We were a family of modest-to-humble means, to put it mildly, and I used to think that if I could make a lot money from writing, something at which I happened to be pretty damn good, and something I've always loved anyway, I'd hustle my ass off to get it done. I was tired of being poor, broke and wanting, and if writing would be my hustle into some place better, I would write. I wanted to have things and give my family things. It never happened the way I'd planned.
Thank goodness for that, because if I'd had my way, while I was getting my writing hustle on, I might have managed to hustle all of the love right out of it. And that would have been tragic.

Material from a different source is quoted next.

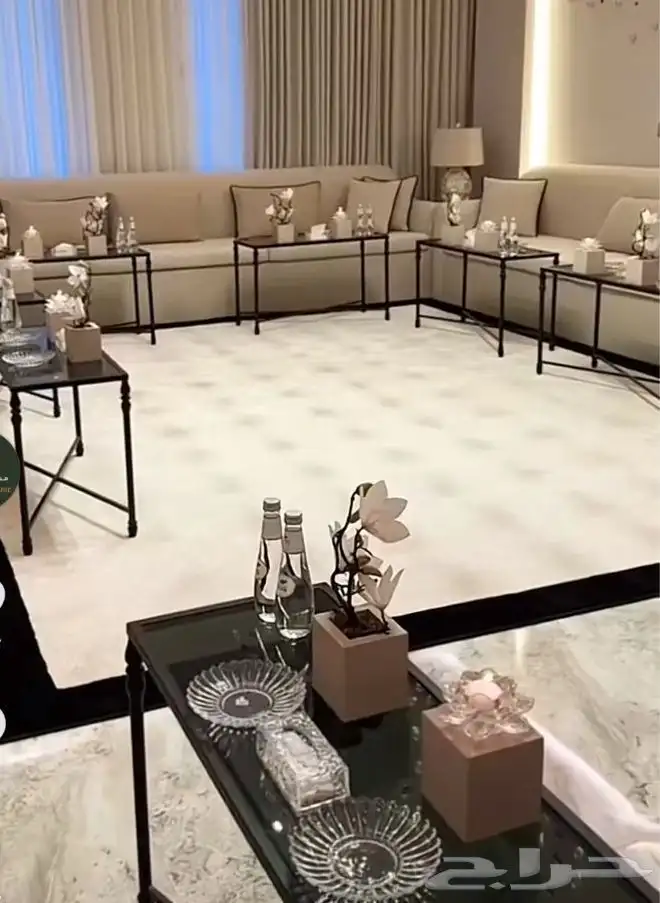 طاولات ضيافة خدمة استقبال 4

"Getting money," as we now call it, is all well and good, but I'd rather exploit my craft for what can be gained and given out of my love for it...thinking, learning, teaching, sharing, remembering.
My 4th grade teacher, Mrs. Shawn Fish, at Anna K. Davie Elementary School, in Rome, Georgia, gave me the nerve to read in public, assured and reassured me that it was okay to be a black kid who enjoyed and embraced words. And so I did. Because of her, I run this race, striving to be a better, sharper, swifter, more adept student of the written word. Mrs. Fish was a mentor before I ever knew the word existed. I thank God for her blessed assurance. She was and is a precious jewel, still teaching after 30+ years.
My uncle (Harvey) Greene Penn Jr., probably without knowing it, through his own compulsion to give away such beautifully simple thoughts, uncomplicated phrases and rhymes, that he'd always strung together without affectation or pretension, taught me the value of these. For as much as his words moved other people, I pray that his example continues to move within me. I love and miss him very much.
Money is great, when and if you can get it. We can do great things with it and because of it, but thank God, it doesn't own me.
For me, writing for a living means writing to live, that others, Mrs. Fish and my uncle Greene among them, may live through me.